Tired of sky-high rents? One Japanese company is offering up multi-story coastal homes an hour from Tokyo for less than $200 a month.
- One Japanese company is looking for a team of reviewers to live in its properties for three months at a time.
- The rent is only $200 for an entire seaside home in Chiba, just one hour from Tokyo's city center.
- In exchange for the low rents, the reviewers must provide feedback and make social media posts on their stays.
If sky-high rents in the US are getting you down, perhaps you'll love the idea of living in a six-bedroom coastal property in Japan for just $200.
That isn't a pipe dream, because one Japanese home rental company is opening up spots for 20 lucky people to live in the seaside town of Chiba for three months.
Japanese pop culture site Sora News 24 first reported on the program started by rental company Hobimo, which started taking applications this month. It is looking for 10 groups of two people each to reside in its seaside properties.

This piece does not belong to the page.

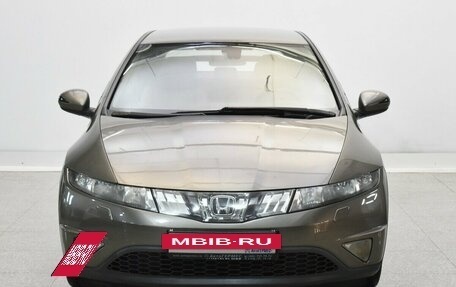 Honda Civic VIII, 2008 год, 750 000 рублей, 2 фотография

During the stint, the reviewers will have to live in one of the company's properties in Chiba, which is an hour out from Tokyo. And if relaxing in a huge beachfront home somehow isn't enough of a lure, the prefecture has loads to offer - including two Disney parks, a 40-mile coastline of sandy beaches, and plenty of spots for hiking, including up the scenic Mount Nokogiri.
Throughout the review period, the teams are required to provide feedback to the company on the property and document their three-month stay on social media. In exchange for their work, rent will only cost a reviewer $181 per month.
It's a pretty sweet deal, considering that 300 square-foot two-bedroom apartments in the Chiba prefecture are going for around $450 to $600 a month.
Hobimo advertises its properties on its Facebook page as repurposed akiya, or unoccupied houses. The company's website notes that it has properties in the Shizuoka, Yamagata, Hyogo, Kochi, and Miyazaki prefectures too. These houses are a little pricier, though, and go for around $360 a month, utilities included.
One property in Shizuoka, for instance, boasts gorgeous mountain views from its onsen-style bath.
The company is also offering these cheap rental rates while akiya located in the Japanese countryside are being sold off for a couple of hundred dollars each. Cities like Tochigi and Nagano have "akiya banks" run by the municipal governments, which lists vacant homes for as low as $455.
These attempts to get people into empty homes come while Japan faces a glut of some 8.4 million empty and abandoned homes, some of them crumbling and in derelict condition. Insider reported this June on the phenomenon in Wakayama, where the city's government is struggling with a fast-declining population and attempting to fill the staggering 18.8% of empty homes across the prefecture.